New Logo

With the new century, and with 57 successful years behind it, the Society has created a new logo to reflect its unique character and mission, and to mark its distinctiveness in a highly visual way useful for the digital age.

History of the Society Logo

The Society was formed in 1960. A logo was developed at that time that includes an image of the State of Arkansas, an arrowhead, a shovel, a notebook and a quill pen. This logo was typical of the time and has served the organization well. Later, it was modified, adding the words “Arkansas Archeological Society” around the original logo to clarify the meaning of “AAS.” Many organizations have similar logos, using images like artifacts and shovels or the outline of a state as part of the design, and a circular border.

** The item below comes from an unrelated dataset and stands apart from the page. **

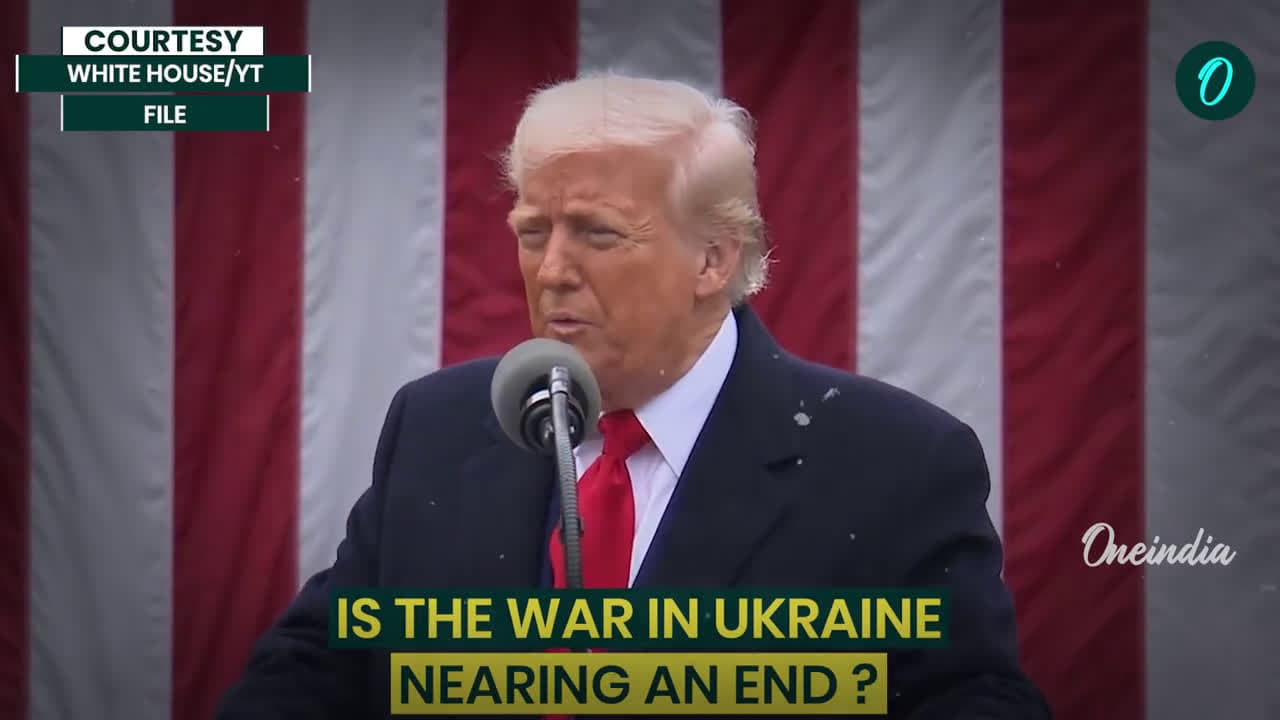 cover for Trump’s Surprise Peace Talks With Putin SHOCKS NATO And EU | Russia-Ukraine War Nearing Its End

Older Logo                   Old logo

Original Society logo                                                                                     Second Society logo

As archeology moves into the 21st Century, the Executive Committee of the Arkansas Archeological Society decided it was time to develop a new, unique logo that is graphic, meaningful, and will withstand the test of time. Many ideas for the main image were suggested and hashed out. The committee searched for an image associated with Arkansas history (or that had some Arkansas connection). The goal was to find something that could not be confused with any other organization or company inside or outside of Arkansas. Several ideas were brought up for images from across the state, including the idea of using an image from Native American rock art. Rock art offers a variety of images to choose from. After much deliberation, the Executive Committee selected the double nested diamond motif. This motif comes from site 3CN20 located near Morrilton. It is one of several geometric motifs used in pictographs and petroglyphs on bluff faces, cave walls, and large boulders by some of the first Arkansans.

Rock art logo

New logo inspiration

Geometric shapes offer clean lines and have simple, recognizable forms. Several of the Executive Committee members tried their hands at coming up with a rendition of the double nested diamond motif, which was then sent to a graphic designer to refine and add texture reminiscent of stone and paint.

New logo

New Society logo

Geometric shapes can hold a variety of meanings according to the culture or individual viewing or using the shapes. We do not know exactly what the Indians who created this image intended it to mean, but we can respect it as an artistic symbol created by people who inhabited this land in previous centuries and whose material culture we often work to study and preserve. For the Society, diamonds also provide other connections with Arkansas. Before Arkansas was “The Natural State,” it was “The Diamond State.” A diamond is still visible on some Arkansas license plates and is the dominant shape on Arkansas’s state flag. The double nested diamonds can also symbolize the organization itself and the unique relationship the Society has with the Arkansas Archeological Survey. For example, looking at the top diamond, the outer diamond might be the Society, the middle diamond the Survey and the center diamond the individual. Moving to the bottom diamond, the outer diamond would be the Survey, the middle diamond the Society and the center diamond, again, the individual. Thus, the image can symbolize the closeness with which the two organizations work together, relying on the individual members of both groups to achieve common goals of protecting and preserving sites, conducting proper research, and sharing information with the citizens of Arkansas. The font used to complete the new design was selected for its nice lines and curves and for the dots on the “i” that have a slight diamond shape. The structure of the logo retains the traditional “AAS.”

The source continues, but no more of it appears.